A escolha entre as duas atitudes é, portanto, como em toda questão de ordem moral, uma
questão de fé. Para um observador penetrante, mas talvez superficial nesse caso preciso, se
tantos velhos socialistas provados recusam a posição bolchevique, é porque sua fé no
socialismo estaria abalada. Confesso que não o creio. Porque não acredito que seja
necessário mais fé para o "rude heroísmo" da decisão bolchevique do que para a luta lenta,
aparentemente menos heróica, e entretanto carregada de responsabilidades profundas, a
luta que trabalha a alma, longa e pedagógica, daquele que assume até o fim a democracia.
A primeira atitude aparente de sua convicção imediata, enquanto na segunda, esta pureza
é sacrificada conscientemente para que, por meio desse auto-sacrifício, possa-se realizar a
social-democracia em sua totalidade e não apenas um de seus fragmentos, destacados de
seu centro. Repto: o bolchevismo baseia-se sobre a seguinte hipótese metafísica: o bem
pode surgir do mal, e é possível, como o diz Razoumikhine em Raskolnikov,³ chegar à
verdade mentindo. O autor dessas linhas é incapaz de partilhar essa fé, e isto porque vê um
dilema moral insolúvel na raiz mesma da atitude bolchevique, enquanto a democracia -
acredita – não exige daqueles que a querem realizar consciente e honestamente até o fim
senão uma renúncia sobre-humana e o sacrifício de si.
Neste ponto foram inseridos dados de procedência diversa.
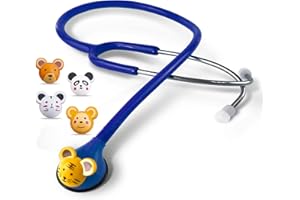SCIAN dessin animé animal Design stéthoscope pour les cliniciens enfants, stéthoscope multicolore pour les enfants (Bleu)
E, entretanto, ainda que esta
solução exija uma força sobre-humana, no fundo não é insolúvel, como o é o problema
moral posto pelo bolchevismo.
Então, dessa passagem bonita, dostoiévskiana, mas um tanto quanto palavrosa, nota-se que melhor do que o terror vermelho do bolchevismo e seus métodos violentos que Lukács prefere não justificar, ele opõe a "luta lenta", quase como a proposta gramsciana de conquistar primeiro a sociedade civil, assim como a vaga "democracia" ou "social-democracia". Esse artigo seria muitíssimo divertido e interessante, seria curiosidade apenas, se em 1968, cinquenta anos depois de dar voltas em torno de si mesmo, Lukács não tivesse escrito Stalinismo ou democracia?, na prática recolocando, a propósito da Primavera de Praga, esses mesmos dilemas de cinquenta anos antes. Basta colocar "stalinismo" no lugar de "bolchevismo" e você terá a mesma fórmula. Pois é, Lukács teve uma evolução muitíssimo orgânica!!!
Quem agride os outros não pode ficar se fazendo de coitadinho quando alguém revida.
Que artigo confuso esse de vocês sobre o MST! A barafunda cita o revisionista Gorender, que achava que o fim da escravidão era a revolução burguesa (!) Falta entender o beabá, amigos: introduziram-se relações capitalistas plenas no campo e o latifúndio continuou? Ah, Latifúndio lá é compatível com relações capitalistas plenas no campo??? Deixa que vou ali pingar meu colírio alucinógeno...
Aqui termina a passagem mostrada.